[tex-hyphen] LPPL and changing files

Mojca Miklavec mojca.miklavec.lists at gmail.com
Sat Jan 23 01:16:49 CET 2016


Hi,

I have a (somewhat theoretical) question.

When we first changed files back in 2008 we renamed all files, so that
was probably OK even by LPPL standards. Now assume the following
scenario:

- we made the initial changes and renamed the files to hyph-xy.tex
- then the original author made some further functional changes to
hyph-xy.tex in the meantime and sent them to us, we included his
latest version of the file, still licenced under LPPL
- we now want to do further modifications (not changing the patterns
functionally, just completely reformatting everything, reorganizing
comments, ...)

It's not clear to me what LPPL says about that scenario.
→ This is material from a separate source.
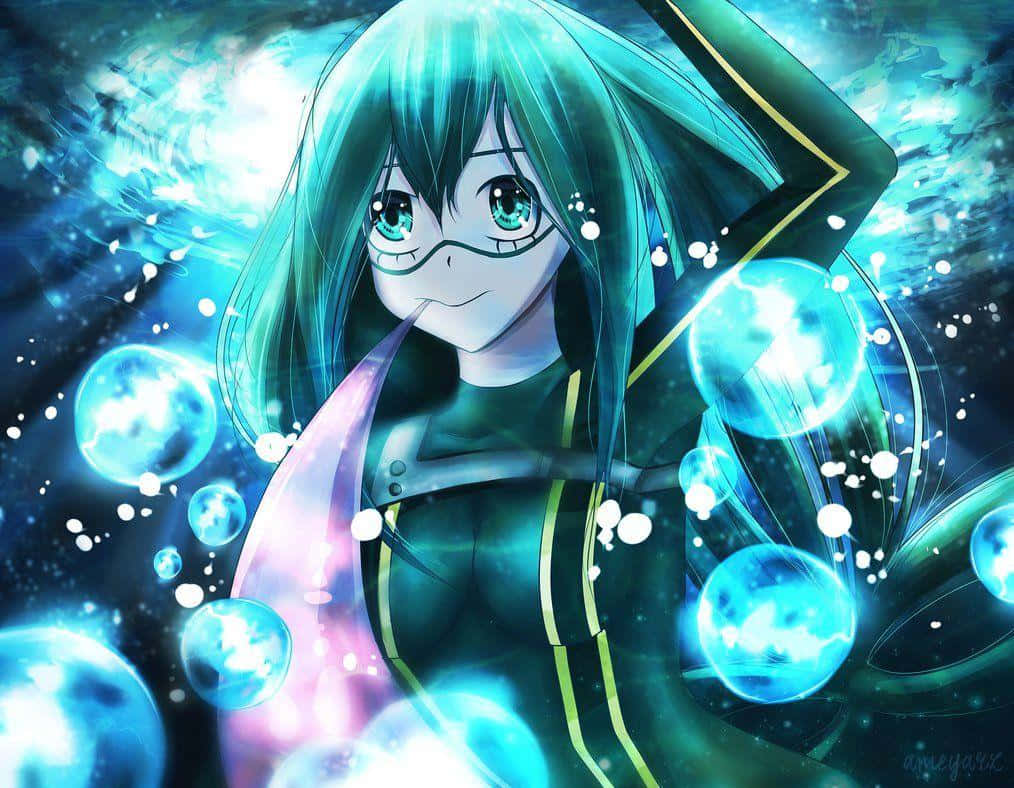 Image Tsuyu Asui Focused And Ready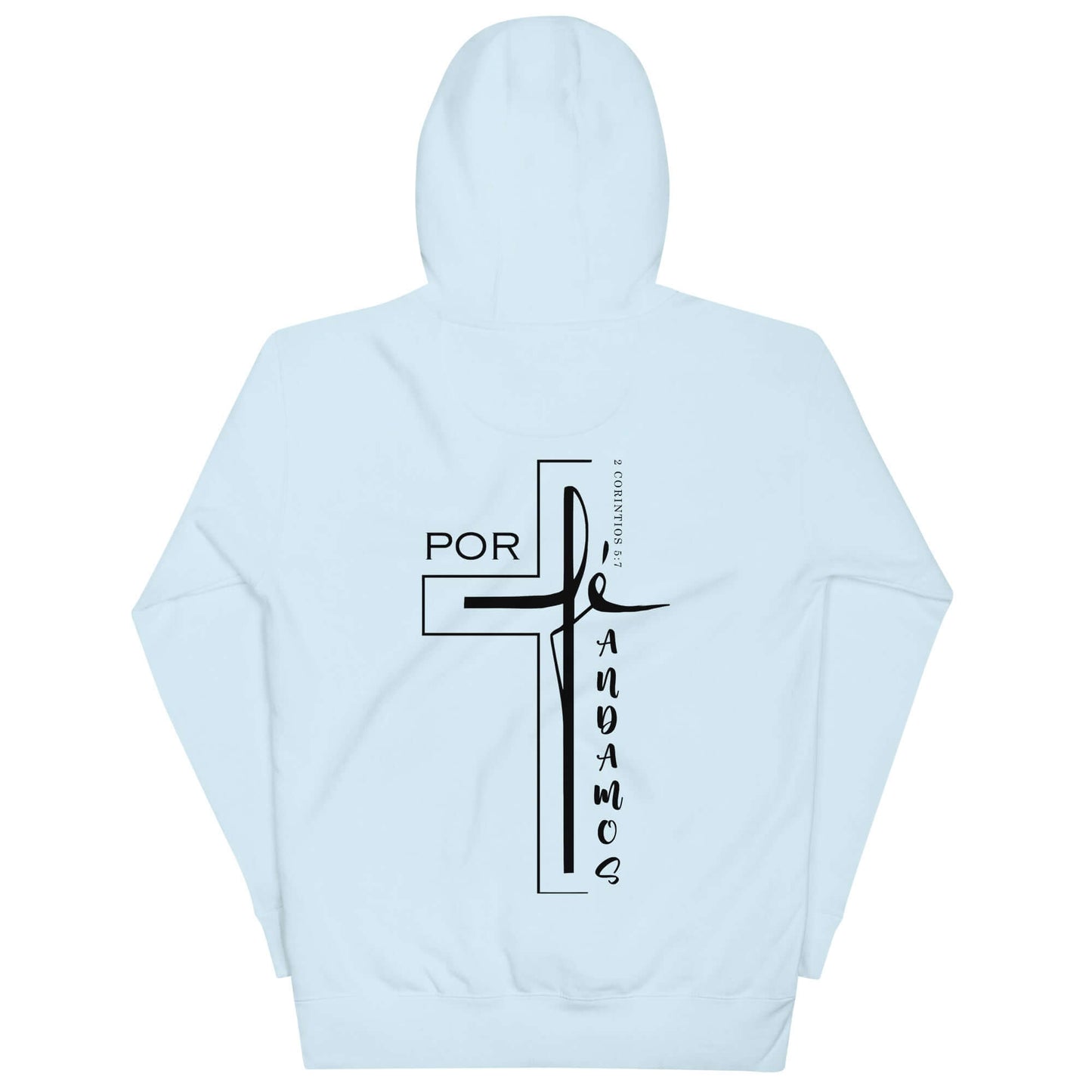 Sudadera Azul claro con capucha unisex Por Fe Andamos, Chico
I mean: does
[strictly speaking] the LPPL licence require from us to mark further
modifications as derived work (with all the extra work and
consequences like potentially having to rename the files etc.)?

I'm not asking about common sense, but about "worst case" that the
licence is asking from us.

I don't want to be formally responsible for the contents of patterns
and I don't think it's fair to list myself as the co-author if all I'm
doing is just data collection and some basic maintenance. On the other
hand we are maintainers of those files in some sense, so the absence
of being listed as the author should not prevent us from changing
files. But LPPL rules are not really clear to me in that respect.